会社を辞めると、いろいろと面倒な手続きを行なう必要がある。健康保険もそのひとつ。これまでは所属会社の社会保険(被用者保険)に加入していたが、退職と同時に被保険者の資格を失うため、国民健康保険に切り替えるか、もしくは任意継続被保険者になるという選択肢がある。任意継続とはつまり、辞めた会社の社保に引き続き加入し続けるということである。
被保険者資格を喪失する前日までに継続して2ヶ月以上の健康保険の加入期間のある者は、退職の翌日から20日以内に住所地を管轄する社会保険事務所または健康保険組合に申請する事によって最高2年間引き続き健康保険に加入する事ができる。
どちらにもメリットとデメリットがあるが、僕は任意継続を選んだ。理由は自分への喝入れというか、退職前よりも収入をアップさせる心づもりでいるから。前年の収入から算出する国保と違い、任意継続の場合は加入時に保険料が決まる。つまり、最高2年間というスパンはあれど加入期間内は保険料が一定のため、今年の収入が上がれば国保よりも負担は減ることになる。

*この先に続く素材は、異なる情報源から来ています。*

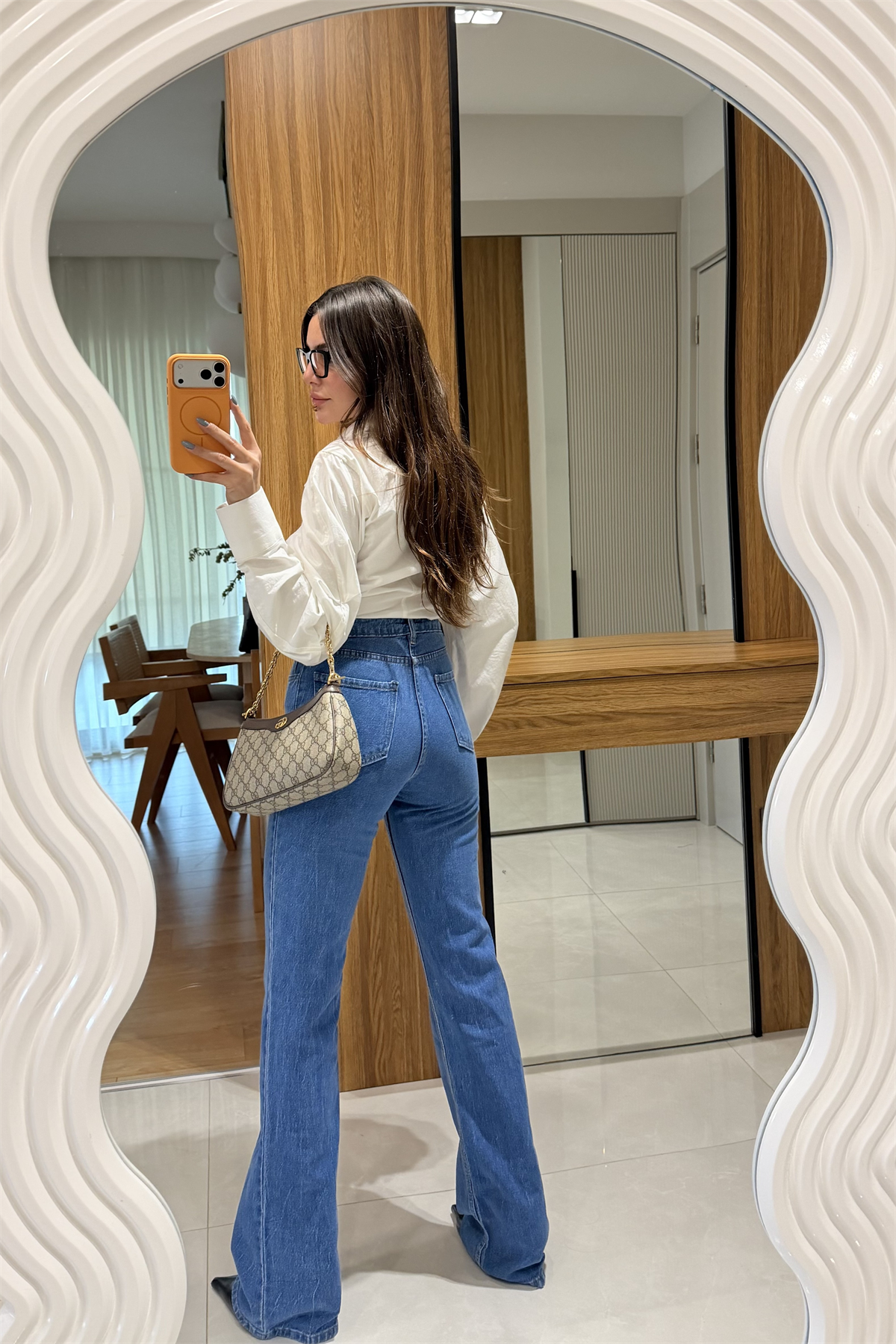 Mysie Midblue Düğmeli İspanyol Jean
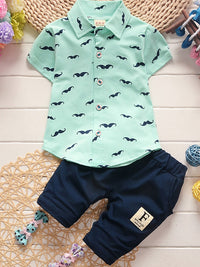 <tc>Conjunto Infantil Haryson verde</tc>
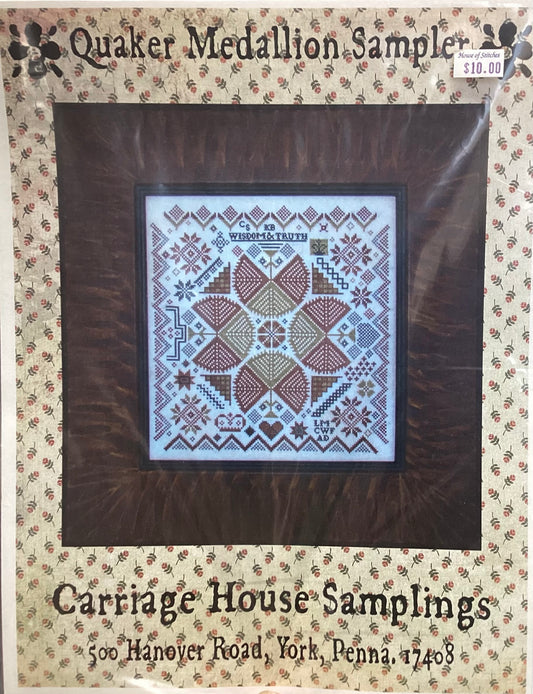 Quaker Medallion Sampler by Carriage House Samplings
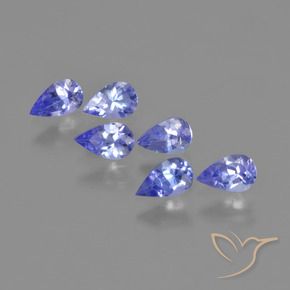 Gemme di Tanzanite Blu medio naturale da 1.43 ct, Forma a pera, VVS-VS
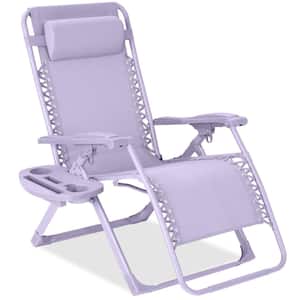 Best Choice Products Snow Zero Gravity Folding Patio Recliner with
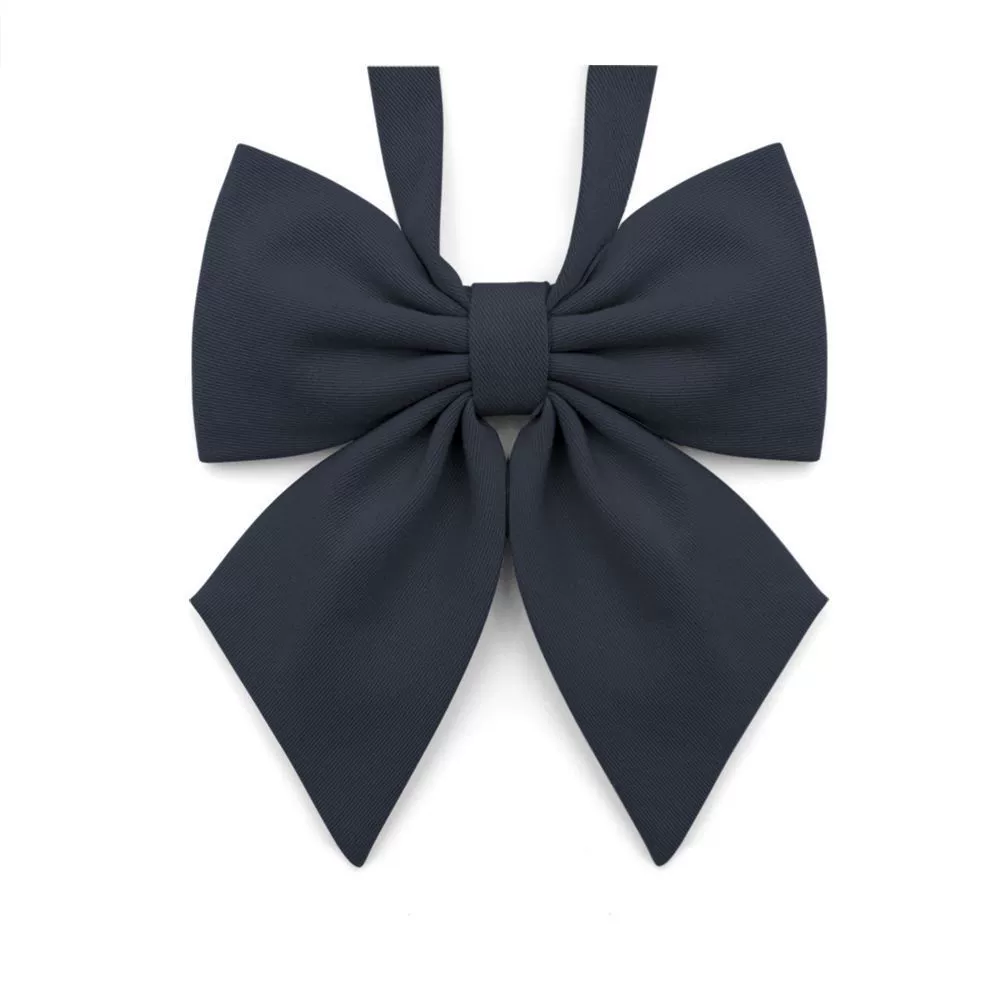 JK solid color feather extended tie bow student girls' school accessories small items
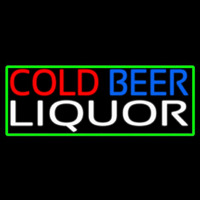 Cold Beer Liquor With Green Border Neonkyltti
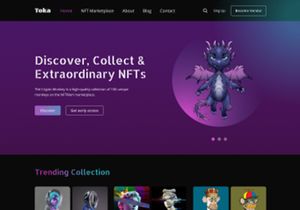 NFT- Digital artwork Marketplace lending Page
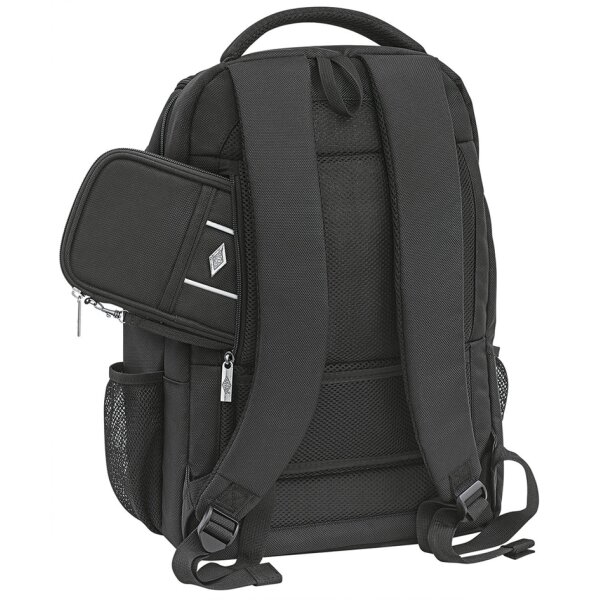 WEDO Sac à dos Business, 2 compartiments de protection, noir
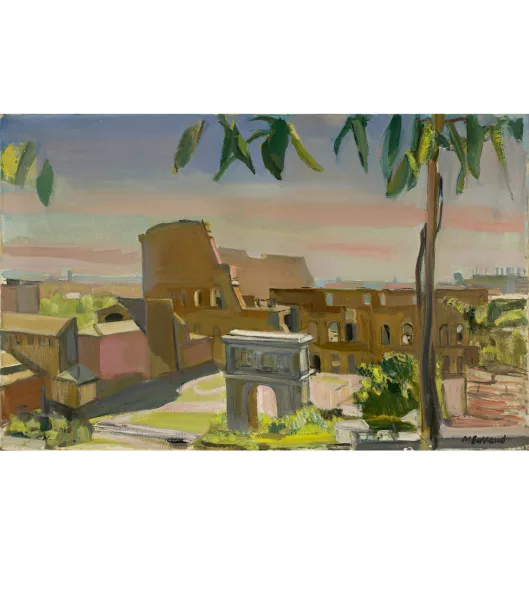 Maurice Barraud — Le Colosée et l'Arc de Titus, Rome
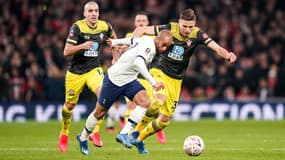 Lucas lors du match Tottenham-Southampton, le 5 février 2020
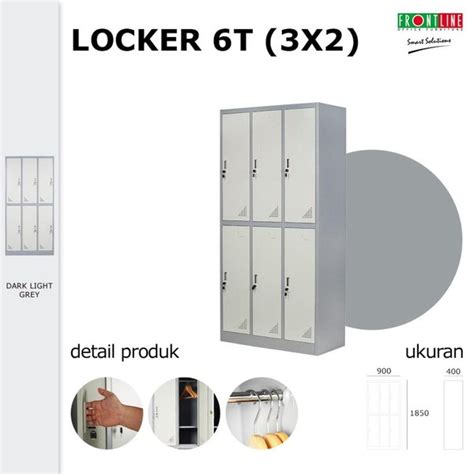 Jual Loker Besi Lemari Locker Besi Murah Loker 6 Pintu 6T 3x2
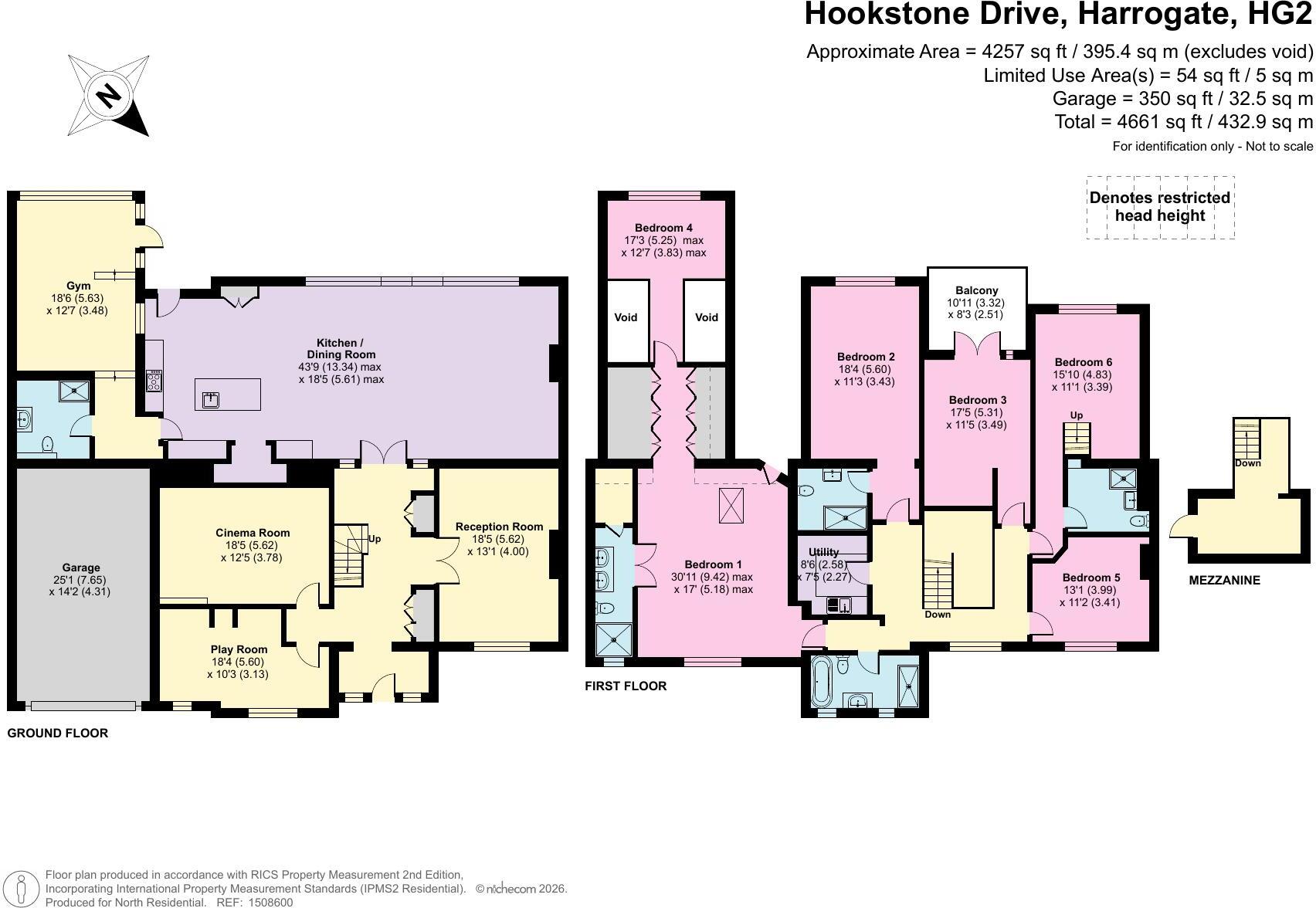 Hookstone Drive, Harrogate, HG2 floorplan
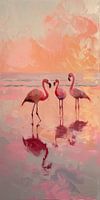 Avondrood met Flamingo's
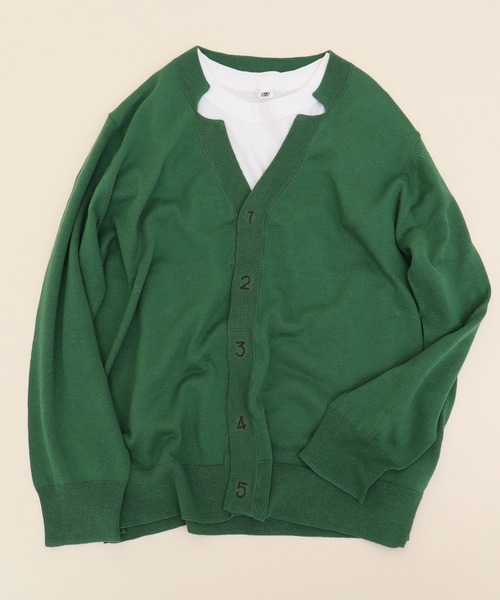 【セール】C/Li 数字刺繍 Vカーディガン（カーディガン/ボレロ）｜I am I in fact...（アイアムアイインファクト）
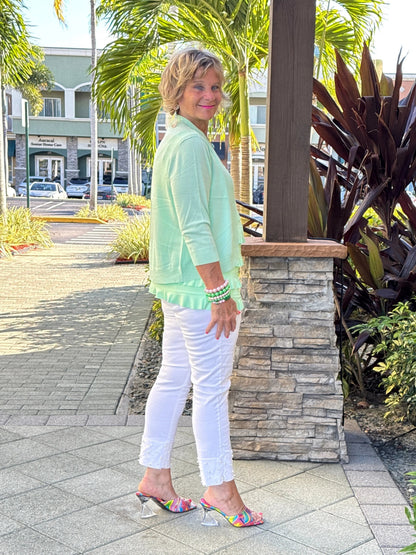 PEYTON CLEAR LIME SHRUG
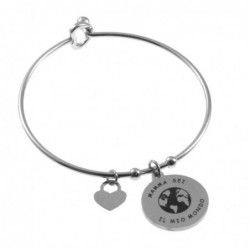 bracciale donna rigido con frasi sulla mamma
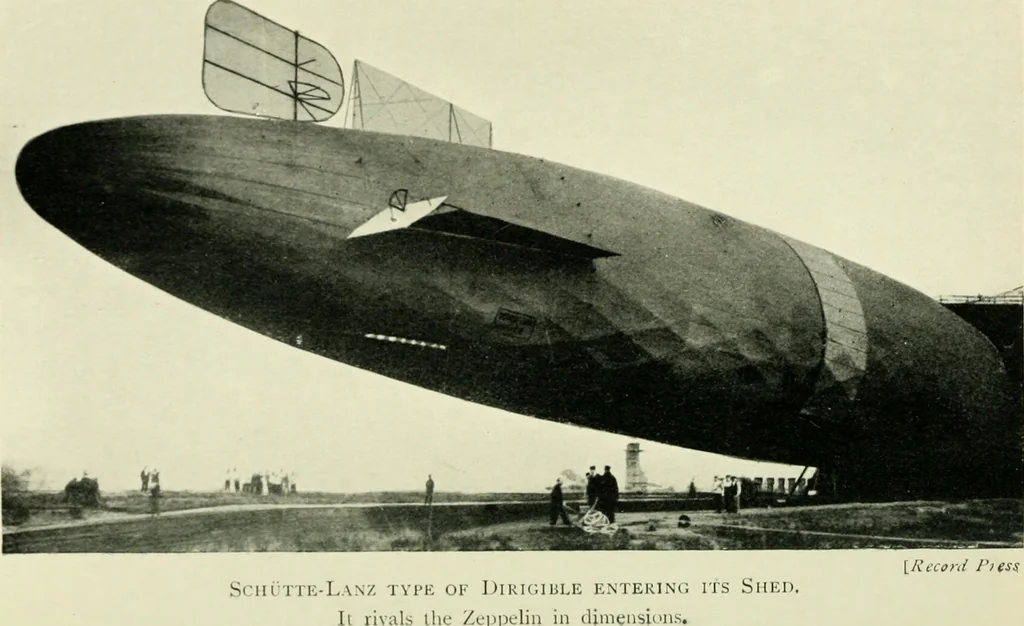 An illustration from Aëroplanes and dirigibles of war, 1915, leaf 67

さて、この任意継続の手続きをしたのが1月4日のこと。以前の被保険者証も翌日には(わざわざ書留郵便で)返納した。ところが、それから10日(8営業日と言うべきか)も経つのに新しい被保険者証が送られてこない。手続きをした品川社会保険事務所の窓口担当者からは「前の会社の管轄の社会保険事務所(渋谷)に資格喪失の届けが出された翌日に、こちら(品川)に連絡が届くので、その時点ですぐに発行される」と説明を受けていたにもかかわらず、だ。
というわけで今日、問い合わせてみた。まずは以前の被保険者証に記載されていた電話番号にかける。長い長い「話し中」を経てようやく繋がった。調べてもらったところ「渋谷社会保険事務所から資格喪失の連絡が届いていない」とのこと。で、一旦電話を切り、前の会社の社長に連絡。しばらくして「1月5日に届けている」との返事。なので再び先方(後で知ったが、全国健康保険協会という団体の代表番号だった)に電話をしてその旨を伝えると、今度は「渋谷社会保険事務所に問い合わせてみてください」と返された。おいおい、早速たらい回しかよ。
仕方がないので渋谷社会保険事務所に電話。最初の電話とほぼ同じ内容の経緯を、また最初から説明する。電話口の女性が「それでは、こちらの番号に」と伝えた番号が最初のものと同じ(つまり、全国健康保険協会の代表番号)だったので、「おいおい!」とツッ込みたくなる気持ちをグッとこらえて状況を説明。「少々お待ちください」の後、電話口の相手が最初の女性からややぶっきらぼうな話し方の中年男性(上司?)へと交代した。開口一番が「どうされました?」だったのでムキーッとなる気持ちを再びグッとこらえ、すでに立て板に水のように話せるようになった「事の経緯」をまたまた説明する。以前の被保険者証の番号や会社名なども(やや強い語調で)つぶさに伝え、どこで止まっているのかを調査してもらうことに。
で、最終的にどうなったか? 今度はいくぶん柔らかい口調の男性が「調査結果」を報告してくれた。被保険者資格喪失の処理が完了するのが「おそらく今日中」で、新しい被保険者証の発行手続きは明日金曜日か週明けになるとのこと。ていうか、なんで今日なのさ?
詳細を訊いてみると、どうやらこの背景には以下に記す「内部事情」が関係しているらしい。
一連の医療保険制度の改革や社会保険庁の諸問題発覚による廃止・解体などから2008年10月1日より政府管掌健康保険は国を離れ、全国健康保険協会による全国健康保険協会管掌健康保険(愛称「協会けんぽ」)に移管された。ただし被保険者資格の取得・喪失、保険料の納付などに関する手続(任意継続被保険者に関することを除く)は引き続き社会保険事務所が窓口となっている。
要するに、だ。社保庁のイメージアップキャンペーンにより、件の社会保険は新たに非公務員型の法人が運営することになった。とはいえ、窓口業務に関しては現在も所轄の社会保険事務所が引き続き担当している。それなのになぜか、任意継続被保険者に関わる部分だけは新しいほうの法人が担当しているため、このへんにブラックボックスが発生しているようなのだ。
ていうか、そんなこと我々には関係ないことでしょうが。まったくもう。